Ghana is now 60 and attained its own retirement age on March 6, 2017.
She would have received a letter indicating she was to retire about six months ago and would have gone through Social Security and National Insurance Trust (SSNIT) processes to begin the working out of Ghana’s Pension.
We are by this assuming that Ghana@60 worked for the Civil Service or Public Service or for a dutifully respectful private company that paid its employees contributions.
If Ghana@60 was self-employed and did not make contributions for pension then it will be assumed she has saved enough to look after herself or still has a profitable business that will continue to look after her.
Anecdotal evidence points to the fact that many persons who have served their country diligently for between 35 and 40 years and therefore eligible for full pension have obtained sums of money that cannot look after them for more than a week. For some others, it can only serve them for a few days. All that period however, they diligently paid into Social Security and National Insurance Trust their contributions or it was the responsibility of their employer in most instances the Ghana government to do that. How faithfully that was done will forever be one of the internal wranglings between SSNIT and Government but that is not the basis of this article.
One is even assuming that some way somehow, Ghana@60 managed to acquire land and struggled over the better part of 20 years to put up a three- bedroom house still not fully completed to taste but habitable. The struggle had not only been in looking for money but also dealing with itinerant artisans who inflate prices at will and buy cheaper products but at the same prices as good and durable materials. If Ghana@60 was still in rentable accommodation then the situation will be worse.
The amount of money paid to pensioners is so pathetic. Anywhere else the Government who decides on how much to pay workers, the salaries, on which pensions are calculated will take responsibility and make an effort to address the poverty among pensioners. Yet through a liberal, free market driven economy, Government has taken the decision, not to influence prices of goods and services and leave pensioners to be hanged out dry. A double whammy against the Ghanaian pensioner.

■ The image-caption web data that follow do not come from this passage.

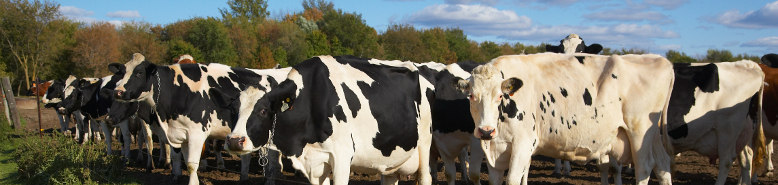 www.agriculturesafetynet.co.uk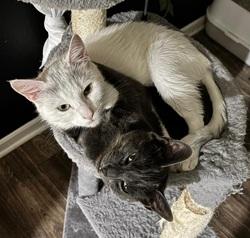 Enlarge  Baby and Shadow, a ADOPTABLE Domestic Short Hair in Raleigh, NC image 1/4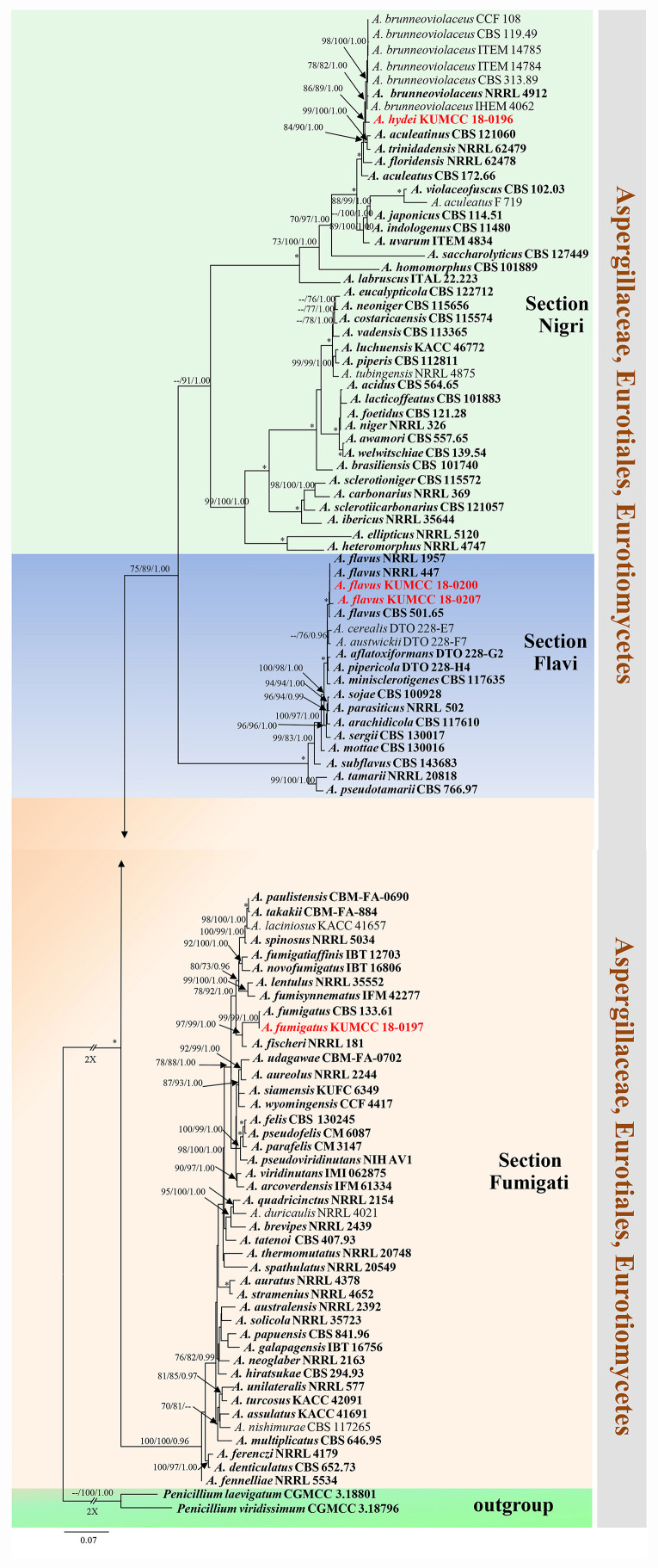 FIGURE 6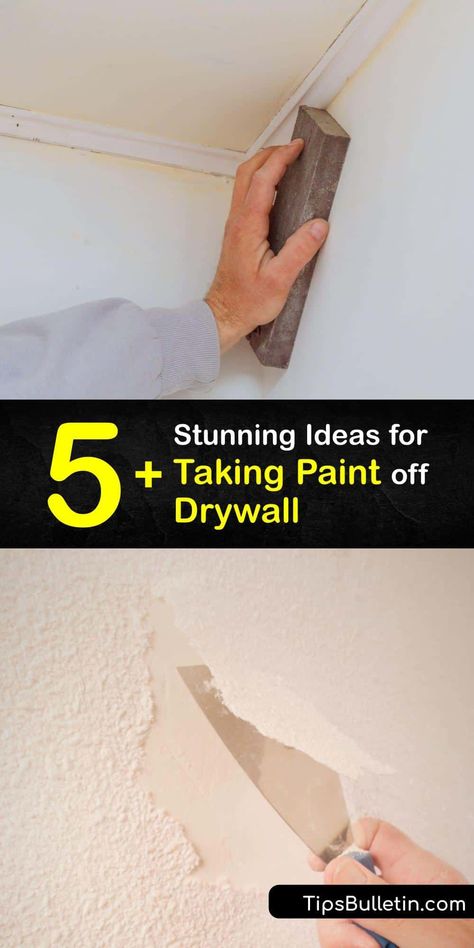 Paint removal, especially wallpaper removal, is a chore if you don’t have tips to guide you. Learn the ins and outs of removing paint from household surfaces with easy-to-follow tutorials and inexpensive supplies. Say goodbye to peeling paint and hello to exciting new looks. #remove #paint #drywall How To Remove Wallpaper From Drywall, How To Fix Drywall Damage, How To Prep Walls Before Painting, How To Prep Walls For Paint After Removing Wallpaper, How To Remove Sheetrock Drywall, How To Remove Paint, Removing Paint, Wallpaper Removal, Paint Removal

There has been no study assessing how much it costs for any Ghanaian adult to live in Ghana but a back of the envelope calculation for a single adult will require GH¢20.00 per day just for basic upkeep, food and water only. It does not include rent, clothing, paying for utilities, cost of healthcare and even the most basic social activity. How is it that the Tripartite Committee of Government, Employers and Workers represented by the Trades Union Congress can agree on the minimum daily wage of GH¢8.00 equivalent to GH¢1.00 per hour for the eight-hour day. A Ghanaian works under the blazing hot sun for an hour and can only buy a small ball of kenkey with the earned wage. What happened to a living wage? Ghanaian workers are made to suffer throughout their lives and yet this sacrifice is not universal. Others have made it their prerogative to feed fat on the national cake and get away with it. The National Service Scheme scam is all but forgotten. The national cake or pie which represents the Ghanaian economy is not being grown with any degree of seriousness to ensure that everyone gets enough to keep body and soul together.
Life after pension
Many Ghanaian pensioners do not survive more than five years post-retirement. Many are dead from poverty and misery and this includes middle class persons, yet elsewhere pensioners have become the new group to be wooed. Most of them through flexible home mortgages are able to acquire their homes early in their careers and finish paying for the house before they are 55 or 60 years old. By the time they retire they would have finished educating their children who are ready to leave the house to start their own lives. The parents downsize their home from a three or four-bedroom to a two-bedroom house when their children fly the nest and invest the remainder of the equity from which they can get another income in addition to their work and state pensions. They have spare cash and many live a content life. Sadly this cannot be said of the Ghanaian worker. Welcome to mother Ghana on your sixtieth birthday. How long you will survive depends on what new strategies are put in place for your benefit?
Who speaks for the Ghanaian senior citizen? Being invited to a lunch on Independence Day is not enough. Pensioners in Ghana must have a loud single voice to articulate their concerns but most especially each must adopt a hobby which can be translated into a business to earn extra money post-retirement. Many have taken this up to their eternal happiness. Many can also jump into the fray.
Backyard farming or gardening of organically grown vegetables is a good start, rearing chickens for eggs and poultry meat, ducks, turkey and keeping small ruminants of goats and sheep, and free range pigs can create an integrated farm. The goats, sheep, pigs and poultry manure will help to fertilise the soil for the organically grown vegetables.
What is troubling is that lawmakers, parliamentarians in Ghana and the political appointees, do not pay SSNIT contributions and yet are the ones who together with the Board of SSNIT decide on how much pensioners must be paid. SSNIT pays its staff very well but are unable to invest pension funds in such a way as to create an equalisation with the cost of living in Ghana. Why should politicians not contribute to the nation’s pension fund?
Celebrations of Ghana’s diamond jubilee must attempt to answer.